Tyrano Soros: Okay, am I getting a nip shot from the girl in the pink sweater in testosterone ad?


I don't know, are you?
 
2013-03-06 03:32:33 PM  
When will this madness from 0bama end?
 
2013-03-06 03:33:38 PM  

what_now: BunkoSquad: The list of invitees to Wednesday's dinner, provided to CNN by a GOP source, includes some of the president's harshest critics: Lindsey Graham of South Carolina, Bob Corker of Tennessee, Kelly Ayotte of New Hampshire, John McCain of Arizona, Dan Coats of Indiana, Tom Coburn of Oklahoma, Richard Burr of North Carolina, Mike Johanns of Nebraska, Pat Toomey Pennsylvania, Ron Johnson of Wisconsin, and John Hoeven of North Dakota.

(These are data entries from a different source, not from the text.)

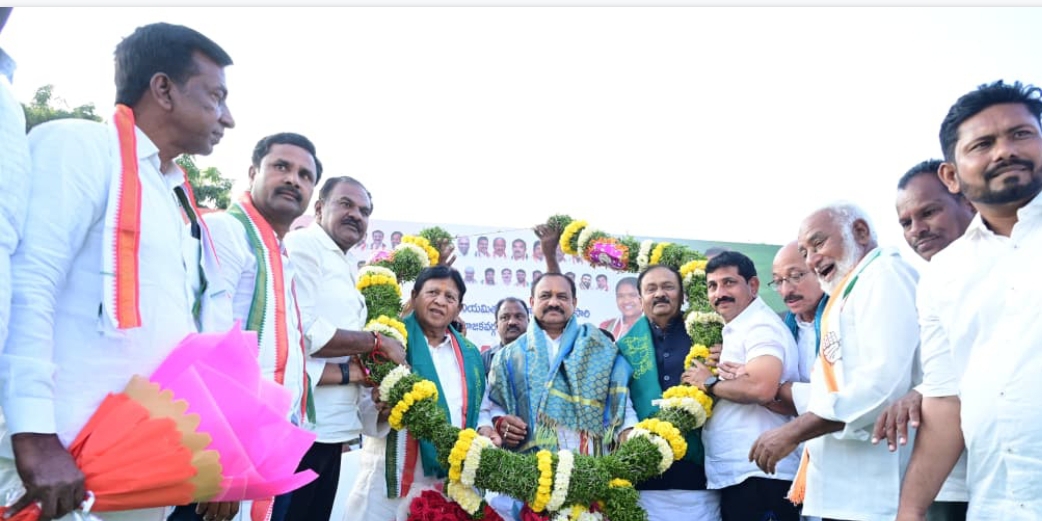 ప్రభుత్వ ముఖ్య సలహాదారుడు సుదర్శన్ రెడ్డికి ఘన స్వాగతం పలికిన కాంగ్రెస్ శ్రేణులు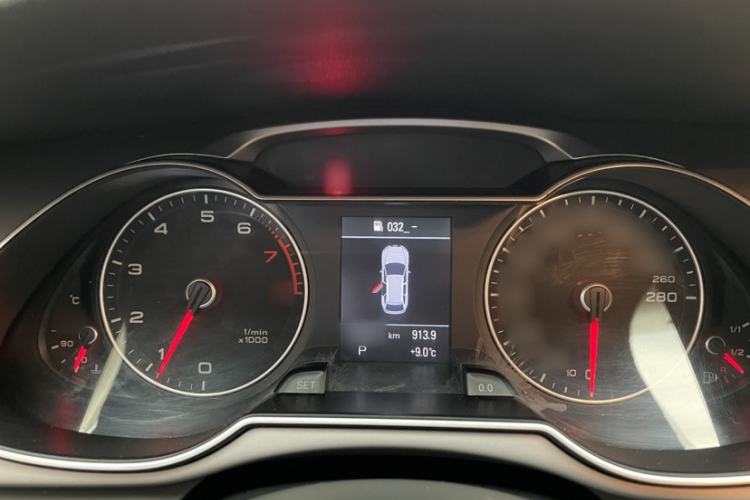 Used Audi A4 2014 40 TFSI allroad quattro plus version
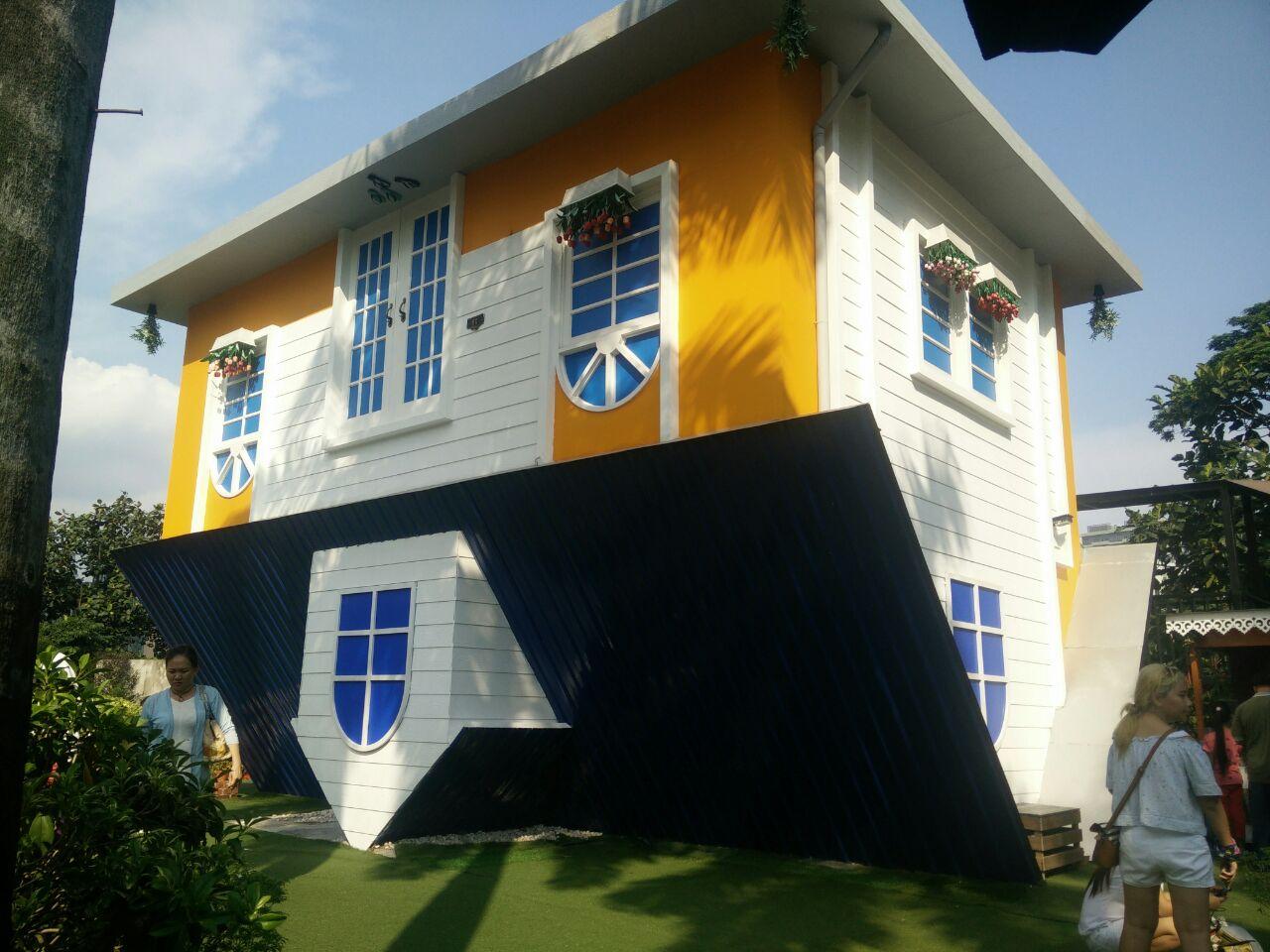 Rumah terbalik kl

I will sell everything I own and go to 2 churches every Sunday for the rest of my life if this turns into a wacky Clue-style murder mystery

I wish he'd shut off all the cameras, confiscate all the cell phones, and show up in a FUBU track suit and serve KFC and M-Fing sweet iced tea, and then watch them go CRAZY trying to talk about it without sounding racist.


Get it right, Yank.
 
2013-03-06 03:34:34 PM  

griffer: Tyrano Soros: Okay, am I getting a nip shot from the girl in the pink sweater in testosterone ad?

I don't know, are you?



My pants tent says "yes."
 
2013-03-06 03:35:07 PM  

lilbjorn: I'm picturing this scene from Titus Andronicus


Dammit.  Photo didn't hotlink.  Well, anyway, it's the feast scene with Anthony Hopkins appears in a chef's hat "serving" his political enemies.
 
2013-03-06 03:37:37 PM  

lilbjorn: I'm picturing this scene from Titus Andronicus


LUCIUS. Art thou not sorry for these heinous deeds?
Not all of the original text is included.